Assigned task |
All lines from the one containing "Volkswagen Tiguan L" through the last line of the listing below are to be copied exactly. Exclude the pictures.

(Supplied data Opens)

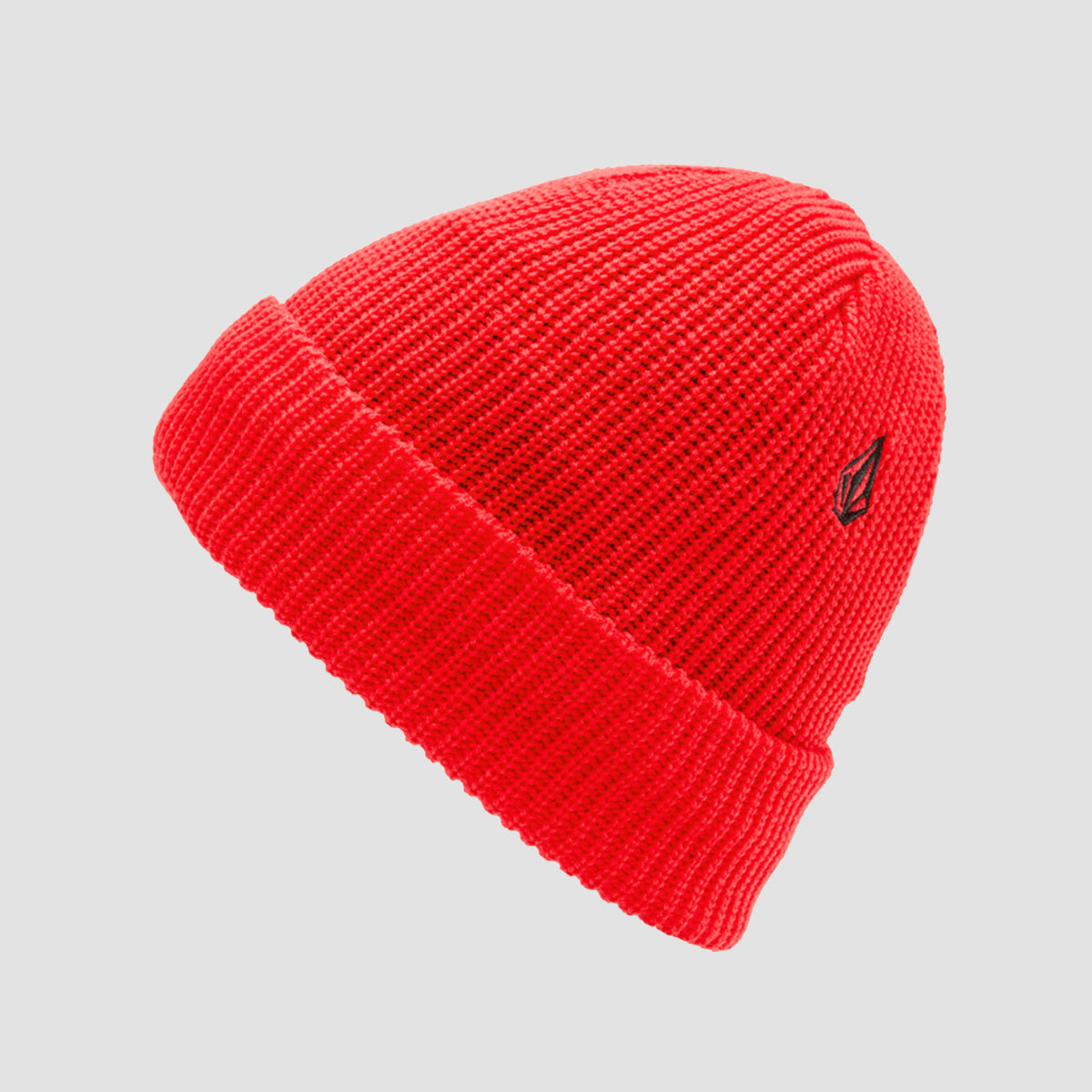 Volcom Sweep Lined Beanie Crimson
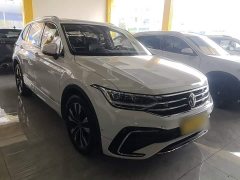 Volkswagen Tiguan L Outstanding Edition 330TSI Automatic Two-Wheel Drive R-Line Dragon Shine Version - фото 3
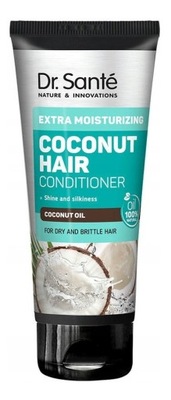 Dr. Sante Coconut Hair Odżywka z olejem kokosowym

(Supplied data Closes)

Solution below |
 Volkswagen Tiguan L Outstanding Edition 330TSI Automatic Two-Wheel Drive R-Line Dragon Shine Version - фото 3
 Dr. Sante Coconut Hair Odżywka z olejem kokosowym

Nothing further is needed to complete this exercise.